Avete mai visto un direttore d’orchestra ballare? Toglietevi dalla testa l’immagine di Karajan strafatto sotto braccio a Liza Minnelli allo Studio 54. Qui parliamo di Daniel Harding, che quindici anni fa era una delle più grandi promesse della conduzione d’orchestra… promessa da tempo ampiamente mantenuta. Lo vidi per la prima volta nel 2001 al Comunale di Firenze e, più che dalla maturità interpretativa, fui colpito dall’eleganza dei suoi movimenti sul podio: movimenti ampi ed aggraziati che rendevano l’esecuzione, e la direzione in particolare, una vera “performance”. La seconda volta che lo vidi fu l’anno successivo, al teatro Comunale di Bologna, quando, come bis, decise di concedere il primo movimento della 5° sinfonia di Beethoven… ne aveva di fegato il ragazzo, eh?

Bisogna dire che negli anni si è calmato, che sul podio non danza più come una volta, ma che il suo stile di conduzione è rimasto lo stesso. Ed è, quindi, stato un grandissimo piacere vederlo inaugurare il Bologna Festival 2013 dirigendo la 5° sinfonia di Mahler. Io Mahler lo amo, anche se la quinta sinfonia non è proprio una delle mie opere preferite. Forse perché la furia espositiva che la caratterizza è stata spesso addomesticata: a volte molto bene, ma sempre addomesticata, ottenendo un effetto spesso freddo quando non marcatamente noioso. Harding invece no! Harding si è abbandonato (ieri sera, come due anni fa quando al Duse condusse la 9° Sinfonia) alla varietà timbrica di Mahler. In particolare alle intemperanze dei legni e degli ottoni, come un fedele che confida nel potere del proprio Dio. Il risultato, ve lo assicuro, è stato mistico. Alla fine dei settanta minuti di sinfonia, e degli infiniti applausi, si è rivolto al pubblico in un italiano corretto e fluente, spiegando quanto sia difficile concedere un bis dopo un’opera del genere, ma che, trovandosi in Italia nell’anno delle celebrazioni verdiane, non poteva esimersi dall’omaggiare il maestro di Busseto, concedendo come bis l’ouverture da “Un ballo in maschera”. Grazie, Daniel: bravo, educato e generoso.

 

E dopo Mahler, in tre mosse (slega la bici, pedala la bici e lega la bici) ho raggiunto l’altro evento musicale della serata: i Matmos al Locomotiv.

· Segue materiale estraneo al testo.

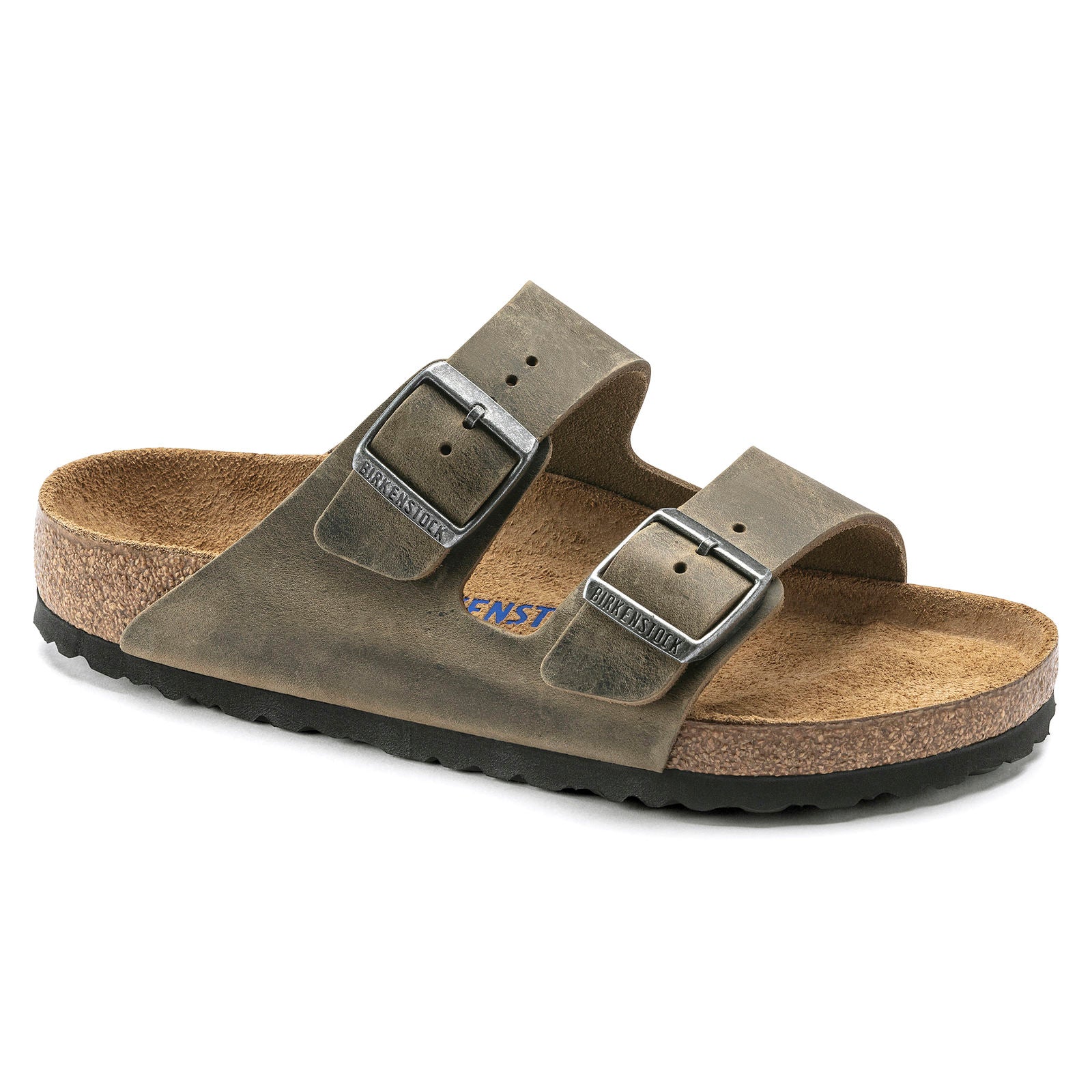 Birkenstock Arizona Soft Footbed - Oiled Leather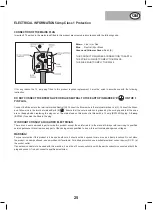 Preview for 25 page of NUTOOL MC250N Manual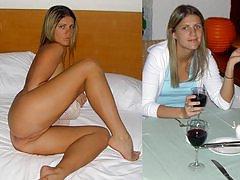 25P Before and After sex pics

Anche i Matmos li avevo già visti una decina di anni fa al Regio di Parma: erano l’opening act del concerto di Bjork. Concerto alquanto sfortunato, caratterizzato da un ritardo di più di due ore. Il problema principale non fu tanto il ritardo, quanto il fatto che quelle due ore furono occupate da questo inquietante duo californiano che produce musica seviziando palloncini gonfiabili a distanza ravvicinata dal microfono. Non sono, quindi, andato a sentirli con i migliori auspici, ma devo dire che ieri  sera mi hanno piacevolmente stupito. Una delle caratteristiche dei Matmos resta quella di produrre musica a partire dai suoni più disparati come -appunto- seviziando palloncini o emettendo bolle con una cannuccia dentro ad una ciotola piena d’acqua. Ma questa volta il loro progetto performativo s’è rivelato più complesso, più pieno dal punto di vista musicale, anche grazie alla presenza sul palco di chitarra e batteria. Quindi se vi sconsiglio vivamente un loro DJ SET, vi consiglio invece di non farveli sfuggire quando torneranno da queste parti per un concerto vero e proprio… e da queste parti, loro, ci tornano spesso!